YOUR GOAL
Write out the entries below exactly, but only from the line containing "Schminkkommode, mit Spiegel" through the line containing "5ml 50Pcs Square", and without the pictures.

MATERIAL FOR THIS EXERCISE
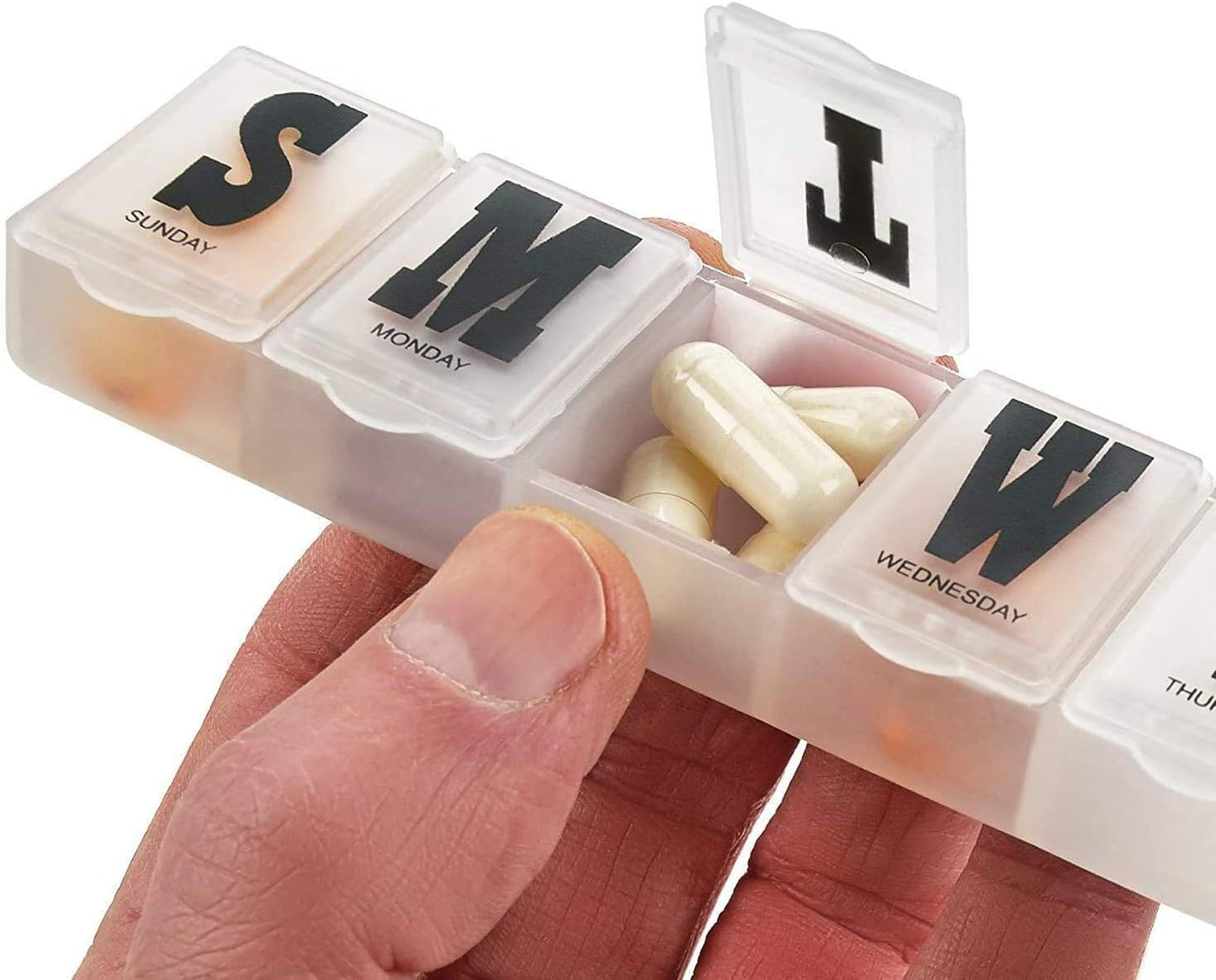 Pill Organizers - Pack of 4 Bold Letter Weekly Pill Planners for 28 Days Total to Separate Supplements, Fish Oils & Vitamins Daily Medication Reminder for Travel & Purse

---

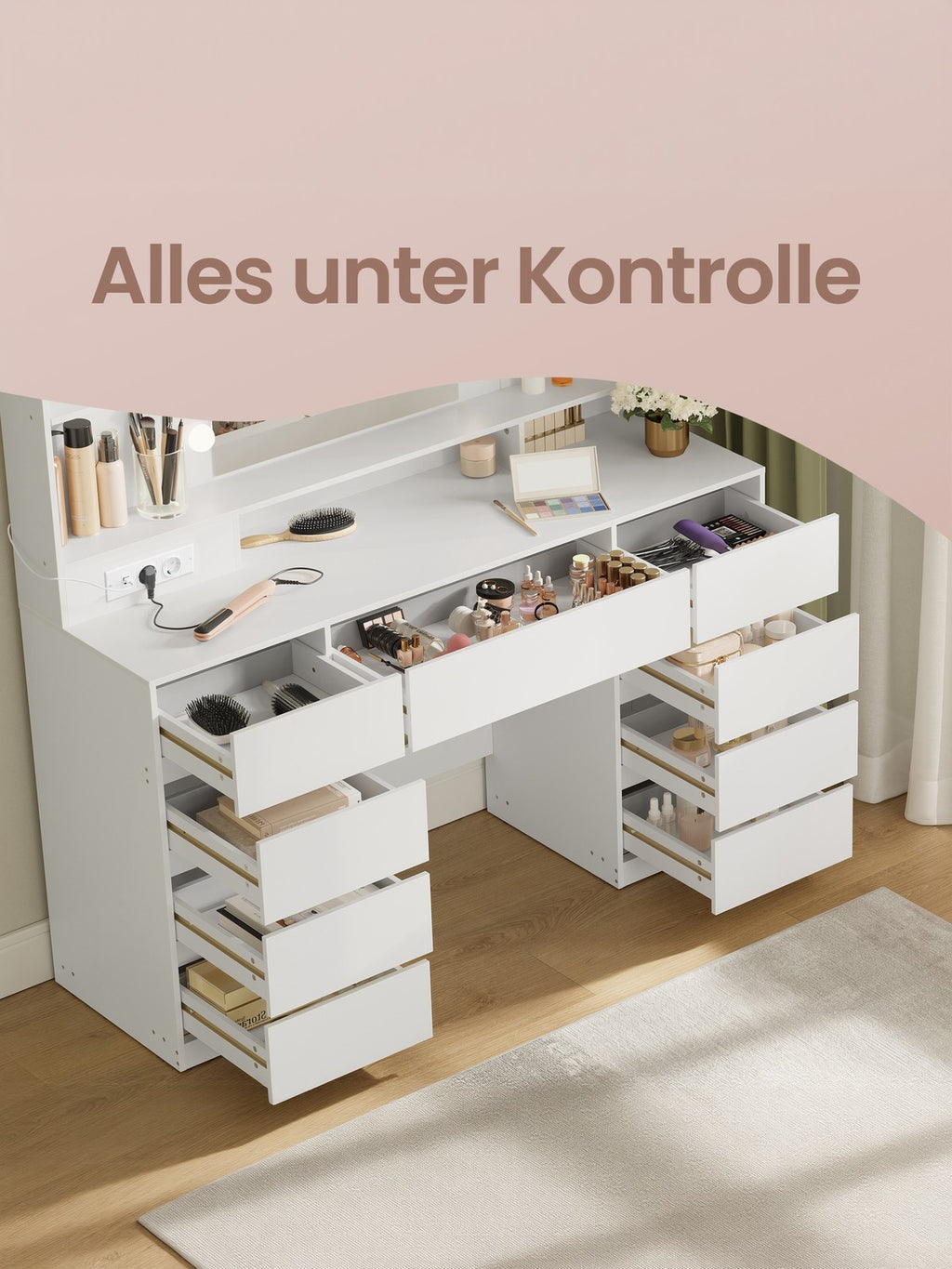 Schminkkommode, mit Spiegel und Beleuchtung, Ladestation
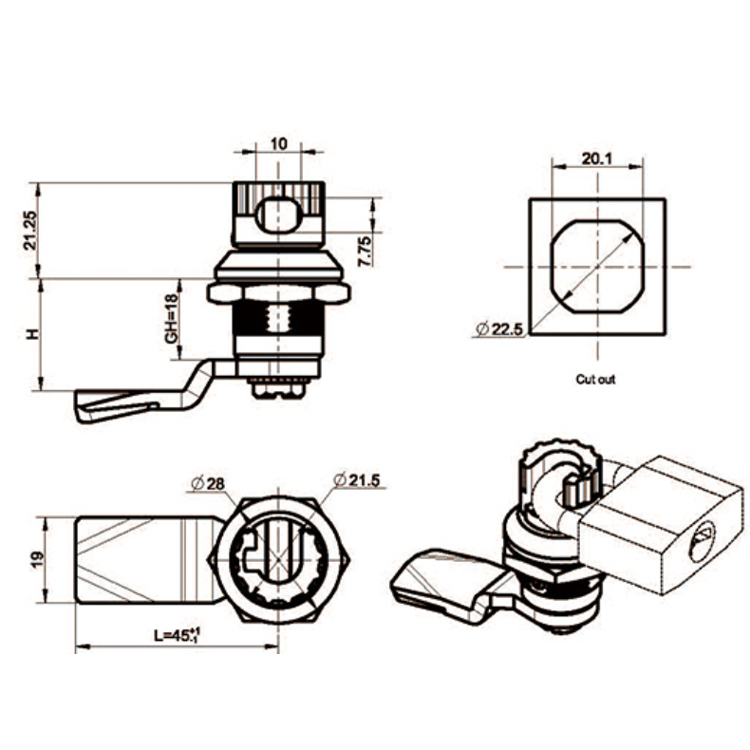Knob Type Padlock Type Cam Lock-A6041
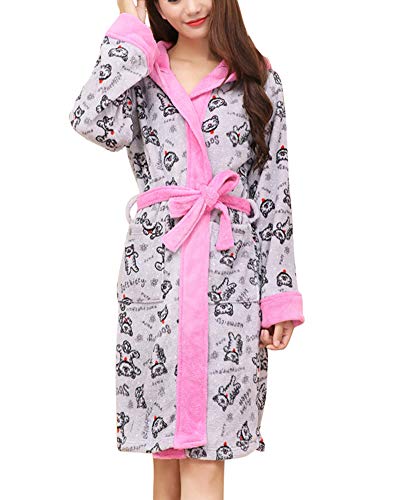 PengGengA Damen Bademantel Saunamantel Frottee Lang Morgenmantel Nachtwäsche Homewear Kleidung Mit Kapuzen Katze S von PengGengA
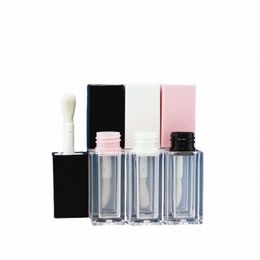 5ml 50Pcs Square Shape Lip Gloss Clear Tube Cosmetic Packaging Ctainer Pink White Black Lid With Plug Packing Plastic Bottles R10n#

TASK SOLUTION
 Schminkkommode, mit Spiegel und Beleuchtung, Ladestation
Knob Type Padlock Type Cam Lock-A6041
 PengGengA Damen Bademantel Saunamantel Frottee Lang Morgenmantel Nachtwäsche Homewear Kleidung Mit Kapuzen Katze S von PengGengA
 5ml 50Pcs Square Shape Lip Gloss Clear Tube Cosmetic Packaging Ctainer Pink White Black Lid With Plug Packing Plastic Bottles R10n#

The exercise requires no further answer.